From what we know of neuroscience and the history of human-machine pioneers, our brains are not particularly well suited to monitoring complex systems, even with considerable procedural and training safeguards. They just prefer efficiency to the complete mastery of detail and perpetual attention that effective continuous monitoring requires.
Add to this the fact that automation initially takes on the least challenging conditions—bailing out to the driver when the going gets tough. The potential consequence of automation designed to catch our easy errors is that we create brittle systems—ones in which we are required to plunge, fully aware, into the most complicated of driving situations on seconds notice when errors or driving challenges become too complex for automation to handle. Again, history teaches us that this particular set of circumstances is not our brains’ strong suit. Add to this a mixed fleet reality where smart and not-so-smart vehicles intermingle, to a varied extent, capable (and not capable) of stopping on a dime.
Studies at MIT’s Advanced Vehicle Technology Consortium examine these sorts of dynamics in today’s off-the-dealer-floor vehicles with autonomous features. Here, we find our participants ever more drawn to the siren song of their life remotes, picking up smartphones more frequently with even the most basic of automated driving features. Quotes such as “I also found myself using the safety features to my advantage to be more distracted” tell quite a story. And that is with monitoring cameras and equipment providing investigators a view into the vehicle at the time!
The ultimate question may be: Are we successfully fighting distraction using techniques like “don’t text and drive” or do we need technological solutions in order to save ourselves from our multitasking-gone-haywire and social-brain prioritization tendencies? How else might we shift the paradigm? We have invested heavily in combating the rise of competitive secondary tasks. We ask (a bit tongue in cheek), is it time to admit that driving has now actually become the secondary task?
Fractured attention is part of our daily lives. What we’re seeing in the vehicle is simply a snapshot of a larger modern-day epidemic: unbounded multitasking and the social brain-influenced, growing attachment to our ‘life remotes.’
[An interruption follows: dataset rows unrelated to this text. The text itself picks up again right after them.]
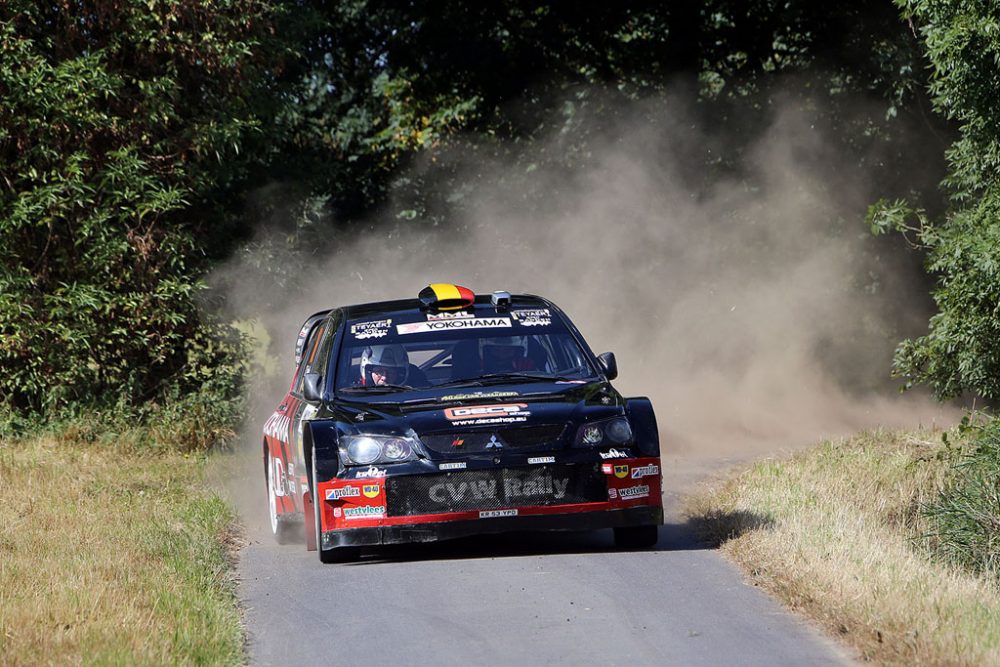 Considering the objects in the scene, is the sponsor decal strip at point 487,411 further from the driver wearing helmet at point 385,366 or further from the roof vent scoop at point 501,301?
the roof vent scoop at point 501,301

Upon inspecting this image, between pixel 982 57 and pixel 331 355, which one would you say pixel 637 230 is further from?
pixel 331 355

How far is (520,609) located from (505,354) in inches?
112

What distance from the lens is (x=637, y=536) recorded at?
9.52 metres

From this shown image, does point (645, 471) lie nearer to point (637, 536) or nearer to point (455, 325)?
point (637, 536)

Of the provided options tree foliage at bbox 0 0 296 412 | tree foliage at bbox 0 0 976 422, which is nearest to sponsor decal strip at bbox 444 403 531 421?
tree foliage at bbox 0 0 976 422

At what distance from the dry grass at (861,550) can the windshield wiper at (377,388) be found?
2126 mm

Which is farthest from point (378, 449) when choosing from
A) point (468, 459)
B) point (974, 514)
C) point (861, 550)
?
point (974, 514)

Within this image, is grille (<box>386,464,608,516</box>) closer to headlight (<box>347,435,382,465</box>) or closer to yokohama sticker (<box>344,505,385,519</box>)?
yokohama sticker (<box>344,505,385,519</box>)

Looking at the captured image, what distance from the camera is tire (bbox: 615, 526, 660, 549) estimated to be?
9.48 meters

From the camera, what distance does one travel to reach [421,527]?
898 centimetres

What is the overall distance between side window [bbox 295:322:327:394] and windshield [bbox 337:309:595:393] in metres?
0.74

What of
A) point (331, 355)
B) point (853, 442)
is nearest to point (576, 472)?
point (331, 355)

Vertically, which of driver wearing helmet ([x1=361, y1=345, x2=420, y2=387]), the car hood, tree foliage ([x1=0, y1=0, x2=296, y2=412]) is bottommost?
the car hood

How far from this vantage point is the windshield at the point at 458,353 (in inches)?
395
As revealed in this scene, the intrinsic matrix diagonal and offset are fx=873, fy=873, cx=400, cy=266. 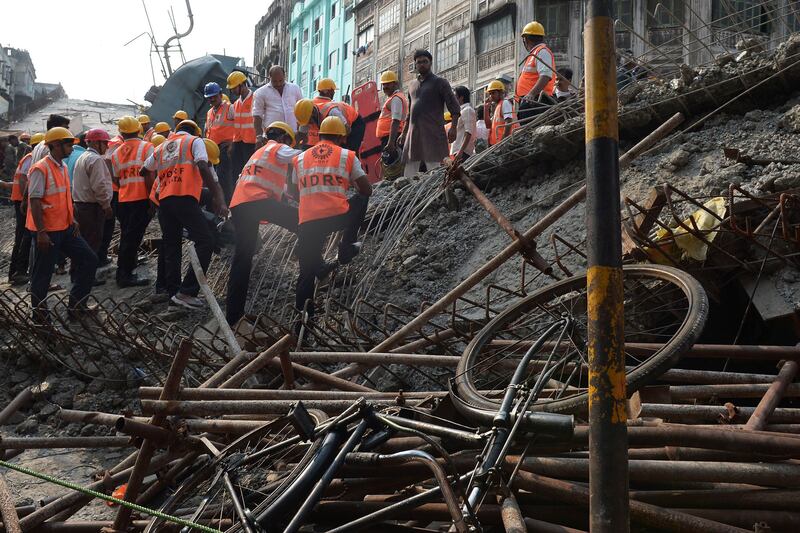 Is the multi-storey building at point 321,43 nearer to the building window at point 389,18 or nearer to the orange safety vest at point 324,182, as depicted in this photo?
the building window at point 389,18

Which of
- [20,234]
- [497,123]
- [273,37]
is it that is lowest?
[20,234]

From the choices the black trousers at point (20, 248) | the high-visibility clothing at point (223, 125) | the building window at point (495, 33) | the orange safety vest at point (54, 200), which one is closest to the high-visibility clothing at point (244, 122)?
the high-visibility clothing at point (223, 125)

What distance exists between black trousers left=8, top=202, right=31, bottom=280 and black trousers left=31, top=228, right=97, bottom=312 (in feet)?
9.33

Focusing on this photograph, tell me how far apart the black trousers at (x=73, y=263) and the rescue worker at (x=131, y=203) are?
0.93m

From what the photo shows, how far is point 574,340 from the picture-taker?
442 centimetres

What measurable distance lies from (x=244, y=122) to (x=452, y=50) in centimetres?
2258

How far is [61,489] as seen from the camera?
621cm

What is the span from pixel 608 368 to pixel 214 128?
9723 mm

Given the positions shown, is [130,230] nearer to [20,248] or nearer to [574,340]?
[20,248]

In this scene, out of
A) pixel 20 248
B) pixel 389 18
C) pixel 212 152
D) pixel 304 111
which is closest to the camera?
pixel 304 111

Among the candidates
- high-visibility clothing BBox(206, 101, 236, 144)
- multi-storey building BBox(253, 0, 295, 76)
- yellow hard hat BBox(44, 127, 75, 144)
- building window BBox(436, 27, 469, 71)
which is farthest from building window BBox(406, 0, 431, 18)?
yellow hard hat BBox(44, 127, 75, 144)

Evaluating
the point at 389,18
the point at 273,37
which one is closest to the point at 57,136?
the point at 389,18

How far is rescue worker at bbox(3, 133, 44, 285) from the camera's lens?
1172cm

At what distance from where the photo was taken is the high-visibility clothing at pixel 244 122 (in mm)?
11078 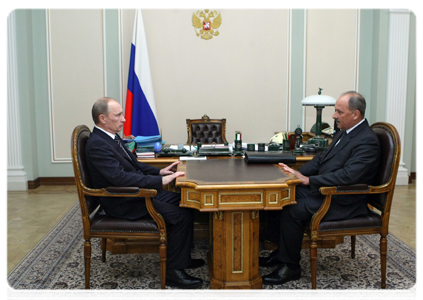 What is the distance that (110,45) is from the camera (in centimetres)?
576

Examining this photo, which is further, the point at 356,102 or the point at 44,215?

Driver state management systems offer the promise of filling in the gaps of our fractured attention, acting as an electronic co-pilot helping us to better prioritize tasks at the point of decision. EuroNCAP efforts appear to be moving towards encouraging these technologies in Europe, and Subaru just announced a system will appear in the 2019 Forester. These technologies and similar initiatives need to be accelerated in the U.S and elsewhere, adding to the documented benefits of technology such as AEB, which serves a lifeguard role. While these technologies can nudge us in a safer direction, the decision to practice safer phone habits ultimately lies in the hands of drivers. As a society and as individuals we need to grapple with whether we’ve allowed our life remotes to override our better judgement towards behaviors like texting while driving, compromising our safety in other tasks that truly demand our full attention.
It is critical that we begin to take a more systemic view of the issue, looking at the interrelated aspects of drivers, vehicles and the environment. It is clear that the transformative levels of automation requiring human involvement will also require a surge in human-centric design, in another sense protecting us from ourselves. In the end, while the future of mobility is highly coupled to increasing automation, one has to wonder how much longer society can ignore that, in many cases, driving has become the distraction.